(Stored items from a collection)
═══

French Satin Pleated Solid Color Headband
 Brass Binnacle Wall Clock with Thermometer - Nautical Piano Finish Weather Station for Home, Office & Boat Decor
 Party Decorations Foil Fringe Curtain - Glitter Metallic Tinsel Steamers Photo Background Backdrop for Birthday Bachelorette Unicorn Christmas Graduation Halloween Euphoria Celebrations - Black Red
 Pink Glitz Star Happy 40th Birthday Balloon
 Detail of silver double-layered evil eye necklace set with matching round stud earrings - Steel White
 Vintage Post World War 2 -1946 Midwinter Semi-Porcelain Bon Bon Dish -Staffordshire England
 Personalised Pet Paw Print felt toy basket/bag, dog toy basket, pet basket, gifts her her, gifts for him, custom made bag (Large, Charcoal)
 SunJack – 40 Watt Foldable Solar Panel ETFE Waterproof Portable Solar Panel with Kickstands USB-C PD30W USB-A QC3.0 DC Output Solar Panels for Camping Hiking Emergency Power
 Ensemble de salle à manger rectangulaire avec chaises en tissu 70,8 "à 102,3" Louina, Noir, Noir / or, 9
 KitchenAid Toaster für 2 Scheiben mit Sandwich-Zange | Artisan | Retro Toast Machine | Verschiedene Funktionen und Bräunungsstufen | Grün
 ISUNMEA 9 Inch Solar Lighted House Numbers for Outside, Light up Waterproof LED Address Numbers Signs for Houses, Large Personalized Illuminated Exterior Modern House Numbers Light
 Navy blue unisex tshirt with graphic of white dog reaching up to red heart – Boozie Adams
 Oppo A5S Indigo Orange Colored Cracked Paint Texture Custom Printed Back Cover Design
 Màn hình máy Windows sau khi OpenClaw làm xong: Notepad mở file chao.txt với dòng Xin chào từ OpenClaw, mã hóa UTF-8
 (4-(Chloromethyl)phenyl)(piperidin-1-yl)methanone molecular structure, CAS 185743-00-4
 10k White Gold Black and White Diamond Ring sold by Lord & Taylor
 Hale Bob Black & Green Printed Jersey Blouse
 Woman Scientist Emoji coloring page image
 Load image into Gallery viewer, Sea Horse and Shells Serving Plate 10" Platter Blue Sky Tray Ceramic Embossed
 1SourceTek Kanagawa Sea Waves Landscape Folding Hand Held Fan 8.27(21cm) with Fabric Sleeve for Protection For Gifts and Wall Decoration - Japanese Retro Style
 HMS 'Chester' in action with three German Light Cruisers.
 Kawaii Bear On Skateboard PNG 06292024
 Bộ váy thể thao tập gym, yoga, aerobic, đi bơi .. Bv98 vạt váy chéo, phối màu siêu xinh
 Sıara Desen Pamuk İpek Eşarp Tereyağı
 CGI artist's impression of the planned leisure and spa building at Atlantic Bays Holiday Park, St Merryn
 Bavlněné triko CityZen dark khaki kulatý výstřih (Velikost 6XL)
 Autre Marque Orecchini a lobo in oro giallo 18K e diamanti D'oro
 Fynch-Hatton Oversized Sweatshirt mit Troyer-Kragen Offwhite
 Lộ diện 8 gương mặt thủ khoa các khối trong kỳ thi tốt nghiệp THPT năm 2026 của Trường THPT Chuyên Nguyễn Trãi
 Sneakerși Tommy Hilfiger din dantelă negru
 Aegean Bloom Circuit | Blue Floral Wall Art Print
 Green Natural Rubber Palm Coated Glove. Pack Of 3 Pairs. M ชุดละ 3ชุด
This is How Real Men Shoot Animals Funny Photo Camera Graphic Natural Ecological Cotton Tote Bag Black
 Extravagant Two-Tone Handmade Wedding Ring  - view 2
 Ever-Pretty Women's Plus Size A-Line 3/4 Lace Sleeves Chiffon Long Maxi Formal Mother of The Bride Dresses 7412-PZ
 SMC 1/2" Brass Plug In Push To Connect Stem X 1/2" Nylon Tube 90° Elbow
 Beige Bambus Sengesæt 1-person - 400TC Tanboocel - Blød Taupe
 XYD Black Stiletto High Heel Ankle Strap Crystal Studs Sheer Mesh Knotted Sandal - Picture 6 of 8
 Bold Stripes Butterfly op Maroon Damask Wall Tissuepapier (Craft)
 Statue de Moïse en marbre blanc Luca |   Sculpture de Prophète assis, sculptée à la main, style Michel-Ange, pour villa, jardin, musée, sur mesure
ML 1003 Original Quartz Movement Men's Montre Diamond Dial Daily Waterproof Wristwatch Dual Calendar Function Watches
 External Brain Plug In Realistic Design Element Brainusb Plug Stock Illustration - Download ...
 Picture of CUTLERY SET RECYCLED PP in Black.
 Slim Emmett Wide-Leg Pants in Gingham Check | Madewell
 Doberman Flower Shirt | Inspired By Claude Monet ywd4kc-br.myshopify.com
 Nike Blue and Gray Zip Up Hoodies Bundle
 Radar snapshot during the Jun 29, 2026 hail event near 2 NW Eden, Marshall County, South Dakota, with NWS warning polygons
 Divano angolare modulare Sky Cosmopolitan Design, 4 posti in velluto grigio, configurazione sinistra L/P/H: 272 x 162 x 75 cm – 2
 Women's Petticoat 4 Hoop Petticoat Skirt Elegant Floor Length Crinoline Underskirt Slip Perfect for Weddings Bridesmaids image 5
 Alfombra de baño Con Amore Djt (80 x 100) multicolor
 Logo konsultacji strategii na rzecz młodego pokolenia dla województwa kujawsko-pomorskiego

═══

Starting at the line above that contains "Statue de Moïse", repeat each line exactly up to and including the line that contains "Divano angolare modulare", and stop there.

 Statue de Moïse en marbre blanc Luca |   Sculpture de Prophète assis, sculptée à la main, style Michel-Ange, pour villa, jardin, musée, sur mesure
ML 1003 Original Quartz Movement Men's Montre Diamond Dial Daily Waterproof Wristwatch Dual Calendar Function Watches
 External Brain Plug In Realistic Design Element Brainusb Plug Stock Illustration - Download ...
 Picture of CUTLERY SET RECYCLED PP in Black.
 Slim Emmett Wide-Leg Pants in Gingham Check | Madewell
 Doberman Flower Shirt | Inspired By Claude Monet ywd4kc-br.myshopify.com
 Nike Blue and Gray Zip Up Hoodies Bundle
 Radar snapshot during the Jun 29, 2026 hail event near 2 NW Eden, Marshall County, South Dakota, with NWS warning polygons
 Divano angolare modulare Sky Cosmopolitan Design, 4 posti in velluto grigio, configurazione sinistra L/P/H: 272 x 162 x 75 cm – 2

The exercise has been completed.